About this exercise:
Please transcribe exactly, and only, the lines of the data below between the line holding "Auto Tint Feather Flag" and the line holding "C Program to", inclusive.

Task data:
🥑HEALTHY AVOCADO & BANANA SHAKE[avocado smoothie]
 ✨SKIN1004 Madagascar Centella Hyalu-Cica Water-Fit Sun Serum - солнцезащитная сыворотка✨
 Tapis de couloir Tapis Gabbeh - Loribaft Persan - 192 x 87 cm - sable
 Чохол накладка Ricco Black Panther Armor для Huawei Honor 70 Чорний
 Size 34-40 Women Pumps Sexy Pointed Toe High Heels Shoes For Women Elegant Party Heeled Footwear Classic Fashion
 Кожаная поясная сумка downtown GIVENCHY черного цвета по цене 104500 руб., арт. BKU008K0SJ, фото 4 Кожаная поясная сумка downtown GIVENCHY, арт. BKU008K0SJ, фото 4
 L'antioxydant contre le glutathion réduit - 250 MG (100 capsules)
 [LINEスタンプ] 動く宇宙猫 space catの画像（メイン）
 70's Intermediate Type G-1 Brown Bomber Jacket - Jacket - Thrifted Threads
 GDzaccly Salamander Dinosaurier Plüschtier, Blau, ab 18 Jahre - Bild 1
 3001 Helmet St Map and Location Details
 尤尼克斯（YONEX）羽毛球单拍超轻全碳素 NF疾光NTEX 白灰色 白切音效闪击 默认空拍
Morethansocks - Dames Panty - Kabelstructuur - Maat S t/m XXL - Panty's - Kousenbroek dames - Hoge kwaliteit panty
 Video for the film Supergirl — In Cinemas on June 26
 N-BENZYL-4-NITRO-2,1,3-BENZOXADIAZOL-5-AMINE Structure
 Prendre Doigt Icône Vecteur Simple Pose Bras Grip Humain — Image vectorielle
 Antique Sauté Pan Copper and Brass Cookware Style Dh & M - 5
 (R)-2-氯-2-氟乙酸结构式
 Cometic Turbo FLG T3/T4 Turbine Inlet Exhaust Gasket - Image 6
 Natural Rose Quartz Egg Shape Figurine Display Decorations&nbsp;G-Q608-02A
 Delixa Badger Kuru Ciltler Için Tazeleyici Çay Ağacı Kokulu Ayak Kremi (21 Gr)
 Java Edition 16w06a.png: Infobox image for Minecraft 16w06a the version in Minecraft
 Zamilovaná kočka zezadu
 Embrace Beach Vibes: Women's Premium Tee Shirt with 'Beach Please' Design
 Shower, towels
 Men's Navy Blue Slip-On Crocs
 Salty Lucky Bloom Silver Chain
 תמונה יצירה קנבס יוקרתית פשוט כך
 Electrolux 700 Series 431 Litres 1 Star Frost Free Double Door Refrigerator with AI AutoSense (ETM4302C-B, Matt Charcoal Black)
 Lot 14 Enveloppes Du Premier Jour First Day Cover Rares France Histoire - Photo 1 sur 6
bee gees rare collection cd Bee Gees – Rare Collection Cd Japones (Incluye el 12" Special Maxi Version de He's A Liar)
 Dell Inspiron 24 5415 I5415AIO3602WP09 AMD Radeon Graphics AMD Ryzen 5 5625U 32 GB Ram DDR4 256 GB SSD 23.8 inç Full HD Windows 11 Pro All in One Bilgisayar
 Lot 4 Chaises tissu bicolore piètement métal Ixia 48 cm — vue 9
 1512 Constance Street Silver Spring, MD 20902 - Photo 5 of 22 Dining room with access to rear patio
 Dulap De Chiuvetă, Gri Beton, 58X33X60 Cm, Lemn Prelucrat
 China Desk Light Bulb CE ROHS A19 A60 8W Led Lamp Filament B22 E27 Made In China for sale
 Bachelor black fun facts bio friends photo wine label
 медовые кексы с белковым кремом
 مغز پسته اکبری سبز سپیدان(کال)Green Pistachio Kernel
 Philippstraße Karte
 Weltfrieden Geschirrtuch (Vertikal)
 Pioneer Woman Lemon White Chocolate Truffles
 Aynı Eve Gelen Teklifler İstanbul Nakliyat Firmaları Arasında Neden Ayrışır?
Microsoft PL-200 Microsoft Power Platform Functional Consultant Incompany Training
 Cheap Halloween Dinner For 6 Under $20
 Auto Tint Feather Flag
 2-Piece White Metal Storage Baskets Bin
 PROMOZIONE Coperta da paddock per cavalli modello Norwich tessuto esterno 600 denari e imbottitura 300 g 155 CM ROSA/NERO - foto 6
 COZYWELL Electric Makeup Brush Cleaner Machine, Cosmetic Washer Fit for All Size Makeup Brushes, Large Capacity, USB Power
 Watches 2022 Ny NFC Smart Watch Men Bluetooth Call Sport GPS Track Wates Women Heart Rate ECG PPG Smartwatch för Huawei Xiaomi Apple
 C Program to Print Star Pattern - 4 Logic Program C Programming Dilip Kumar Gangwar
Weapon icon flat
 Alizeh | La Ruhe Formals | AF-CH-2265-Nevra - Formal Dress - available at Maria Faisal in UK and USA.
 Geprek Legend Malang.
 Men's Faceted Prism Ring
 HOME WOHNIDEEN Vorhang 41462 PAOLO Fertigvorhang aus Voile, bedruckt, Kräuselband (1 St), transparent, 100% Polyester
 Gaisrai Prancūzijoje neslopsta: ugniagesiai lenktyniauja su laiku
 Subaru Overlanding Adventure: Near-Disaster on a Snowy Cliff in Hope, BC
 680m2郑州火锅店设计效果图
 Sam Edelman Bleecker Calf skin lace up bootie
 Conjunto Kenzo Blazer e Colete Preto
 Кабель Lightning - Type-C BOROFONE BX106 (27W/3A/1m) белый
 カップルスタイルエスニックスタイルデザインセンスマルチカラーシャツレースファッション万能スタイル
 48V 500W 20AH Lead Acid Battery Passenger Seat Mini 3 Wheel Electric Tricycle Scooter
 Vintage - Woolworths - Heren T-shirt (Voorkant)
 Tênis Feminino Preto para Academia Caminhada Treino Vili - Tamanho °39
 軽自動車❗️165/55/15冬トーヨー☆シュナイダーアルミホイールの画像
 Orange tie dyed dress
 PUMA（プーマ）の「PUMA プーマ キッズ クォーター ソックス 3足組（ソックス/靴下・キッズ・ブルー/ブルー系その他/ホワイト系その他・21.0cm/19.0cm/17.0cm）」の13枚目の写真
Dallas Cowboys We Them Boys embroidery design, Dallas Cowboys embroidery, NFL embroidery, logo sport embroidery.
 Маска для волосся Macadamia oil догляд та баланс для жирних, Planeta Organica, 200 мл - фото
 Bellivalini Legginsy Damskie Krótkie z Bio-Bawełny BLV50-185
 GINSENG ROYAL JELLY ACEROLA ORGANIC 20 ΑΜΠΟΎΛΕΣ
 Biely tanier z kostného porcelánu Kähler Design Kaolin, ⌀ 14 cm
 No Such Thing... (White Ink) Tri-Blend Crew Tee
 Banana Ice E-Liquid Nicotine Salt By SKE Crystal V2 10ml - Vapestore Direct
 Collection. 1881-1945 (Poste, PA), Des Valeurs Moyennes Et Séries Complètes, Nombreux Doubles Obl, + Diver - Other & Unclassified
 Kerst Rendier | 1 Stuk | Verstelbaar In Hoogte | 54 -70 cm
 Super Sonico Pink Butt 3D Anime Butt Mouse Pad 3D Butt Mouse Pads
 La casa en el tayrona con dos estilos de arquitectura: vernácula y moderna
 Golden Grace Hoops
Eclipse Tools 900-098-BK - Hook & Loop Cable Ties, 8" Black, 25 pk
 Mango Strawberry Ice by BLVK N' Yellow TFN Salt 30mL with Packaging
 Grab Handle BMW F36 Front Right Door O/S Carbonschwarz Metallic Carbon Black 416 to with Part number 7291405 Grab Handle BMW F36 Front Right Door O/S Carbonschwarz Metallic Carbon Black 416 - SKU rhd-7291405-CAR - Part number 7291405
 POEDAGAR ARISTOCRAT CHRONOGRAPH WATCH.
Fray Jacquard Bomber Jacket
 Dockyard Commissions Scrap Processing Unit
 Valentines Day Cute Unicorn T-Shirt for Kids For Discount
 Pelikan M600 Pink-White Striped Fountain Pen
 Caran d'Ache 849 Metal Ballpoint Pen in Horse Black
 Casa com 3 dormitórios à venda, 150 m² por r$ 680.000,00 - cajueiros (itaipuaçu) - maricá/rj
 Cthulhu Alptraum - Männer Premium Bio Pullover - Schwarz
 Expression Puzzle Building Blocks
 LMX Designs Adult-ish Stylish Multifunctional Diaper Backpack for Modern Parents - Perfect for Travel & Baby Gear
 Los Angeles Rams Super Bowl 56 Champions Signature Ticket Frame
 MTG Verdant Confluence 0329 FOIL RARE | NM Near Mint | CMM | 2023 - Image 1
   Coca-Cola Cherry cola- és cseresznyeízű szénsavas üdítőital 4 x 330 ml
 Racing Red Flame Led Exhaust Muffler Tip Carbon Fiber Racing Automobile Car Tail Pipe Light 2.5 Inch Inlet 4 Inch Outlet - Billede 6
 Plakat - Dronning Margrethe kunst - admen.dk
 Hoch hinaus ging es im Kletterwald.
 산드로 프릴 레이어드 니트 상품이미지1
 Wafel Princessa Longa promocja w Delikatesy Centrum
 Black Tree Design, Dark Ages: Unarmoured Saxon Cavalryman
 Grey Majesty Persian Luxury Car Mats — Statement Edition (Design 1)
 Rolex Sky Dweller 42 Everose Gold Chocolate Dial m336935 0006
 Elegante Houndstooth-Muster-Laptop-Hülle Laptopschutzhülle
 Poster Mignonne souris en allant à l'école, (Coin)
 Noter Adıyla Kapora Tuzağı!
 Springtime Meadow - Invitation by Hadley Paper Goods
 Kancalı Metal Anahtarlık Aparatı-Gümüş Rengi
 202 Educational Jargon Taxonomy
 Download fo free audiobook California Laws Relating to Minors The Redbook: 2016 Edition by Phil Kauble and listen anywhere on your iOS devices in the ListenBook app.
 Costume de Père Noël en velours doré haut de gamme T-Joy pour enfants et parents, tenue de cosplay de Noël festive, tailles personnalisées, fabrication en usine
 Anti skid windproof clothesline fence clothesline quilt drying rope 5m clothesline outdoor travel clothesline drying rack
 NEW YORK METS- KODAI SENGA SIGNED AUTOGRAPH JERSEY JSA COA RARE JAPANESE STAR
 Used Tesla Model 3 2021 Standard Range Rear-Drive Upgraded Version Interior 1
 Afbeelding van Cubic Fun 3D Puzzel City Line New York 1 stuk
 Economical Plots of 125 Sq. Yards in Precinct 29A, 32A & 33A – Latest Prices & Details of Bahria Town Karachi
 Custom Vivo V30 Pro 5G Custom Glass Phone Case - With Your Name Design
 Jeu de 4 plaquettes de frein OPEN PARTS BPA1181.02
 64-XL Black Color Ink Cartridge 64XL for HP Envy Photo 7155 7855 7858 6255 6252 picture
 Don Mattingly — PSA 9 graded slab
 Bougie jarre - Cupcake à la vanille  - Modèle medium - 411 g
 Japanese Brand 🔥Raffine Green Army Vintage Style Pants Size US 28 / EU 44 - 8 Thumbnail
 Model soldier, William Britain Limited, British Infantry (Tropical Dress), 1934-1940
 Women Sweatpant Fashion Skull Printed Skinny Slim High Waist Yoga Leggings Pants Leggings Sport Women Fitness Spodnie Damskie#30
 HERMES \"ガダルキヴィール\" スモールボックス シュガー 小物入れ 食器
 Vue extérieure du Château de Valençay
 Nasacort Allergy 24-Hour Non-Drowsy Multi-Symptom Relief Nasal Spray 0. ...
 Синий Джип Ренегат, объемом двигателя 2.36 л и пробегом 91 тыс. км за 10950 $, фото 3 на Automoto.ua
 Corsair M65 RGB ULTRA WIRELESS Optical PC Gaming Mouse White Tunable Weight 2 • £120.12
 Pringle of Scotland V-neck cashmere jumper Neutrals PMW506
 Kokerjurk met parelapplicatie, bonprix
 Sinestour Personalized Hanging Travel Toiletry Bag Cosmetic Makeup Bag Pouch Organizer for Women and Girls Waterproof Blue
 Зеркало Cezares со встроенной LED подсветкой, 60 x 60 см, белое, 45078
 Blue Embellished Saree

Response area:
 Auto Tint Feather Flag
 2-Piece White Metal Storage Baskets Bin
 PROMOZIONE Coperta da paddock per cavalli modello Norwich tessuto esterno 600 denari e imbottitura 300 g 155 CM ROSA/NERO - foto 6
 COZYWELL Electric Makeup Brush Cleaner Machine, Cosmetic Washer Fit for All Size Makeup Brushes, Large Capacity, USB Power
 Watches 2022 Ny NFC Smart Watch Men Bluetooth Call Sport GPS Track Wates Women Heart Rate ECG PPG Smartwatch för Huawei Xiaomi Apple
 C Program to Print Star Pattern - 4 Logic Program C Programming Dilip Kumar Gangwar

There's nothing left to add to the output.